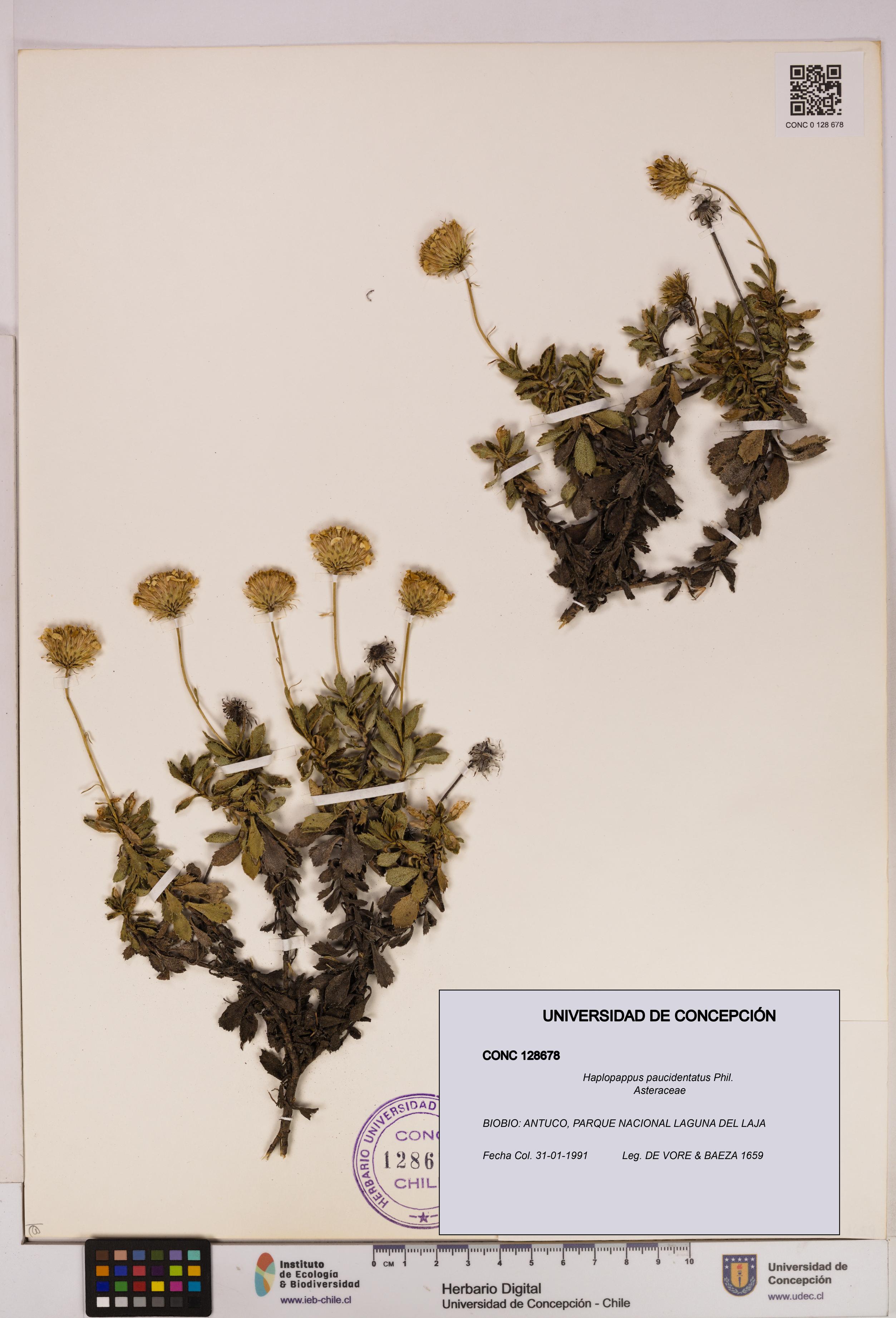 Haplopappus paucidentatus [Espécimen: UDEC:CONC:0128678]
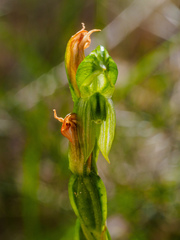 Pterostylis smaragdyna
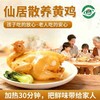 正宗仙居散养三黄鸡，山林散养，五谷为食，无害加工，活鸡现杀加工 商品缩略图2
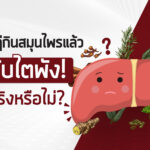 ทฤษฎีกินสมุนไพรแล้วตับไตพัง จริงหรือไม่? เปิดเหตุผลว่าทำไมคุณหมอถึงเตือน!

==

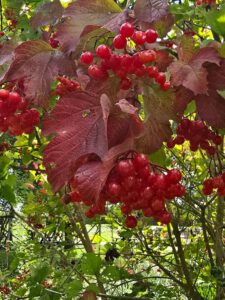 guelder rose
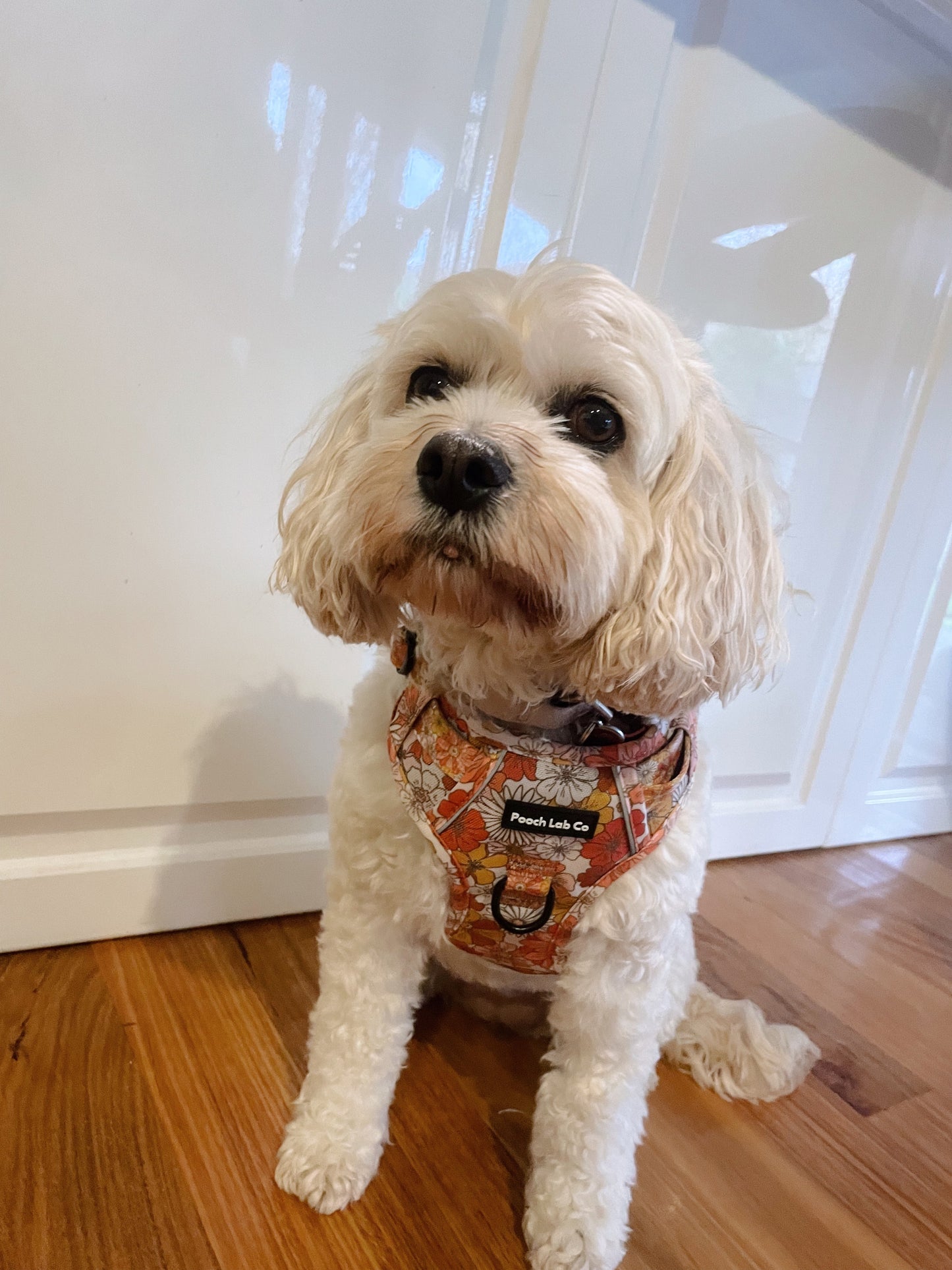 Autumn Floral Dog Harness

---

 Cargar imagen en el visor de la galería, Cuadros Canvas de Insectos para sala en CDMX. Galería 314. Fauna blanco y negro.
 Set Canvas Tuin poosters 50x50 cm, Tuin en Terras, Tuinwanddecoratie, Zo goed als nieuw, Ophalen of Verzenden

> _Task objective_:
Could you copy every line from the records that mentions the word "Canvas"?

> _Response for this exercise_:
 Cargar imagen en el visor de la galería, Cuadros Canvas de Insectos para sala en CDMX. Galería 314. Fauna blanco y negro.
 Set Canvas Tuin poosters 50x50 cm, Tuin en Terras, Tuinwanddecoratie, Zo goed als nieuw, Ophalen of Verzenden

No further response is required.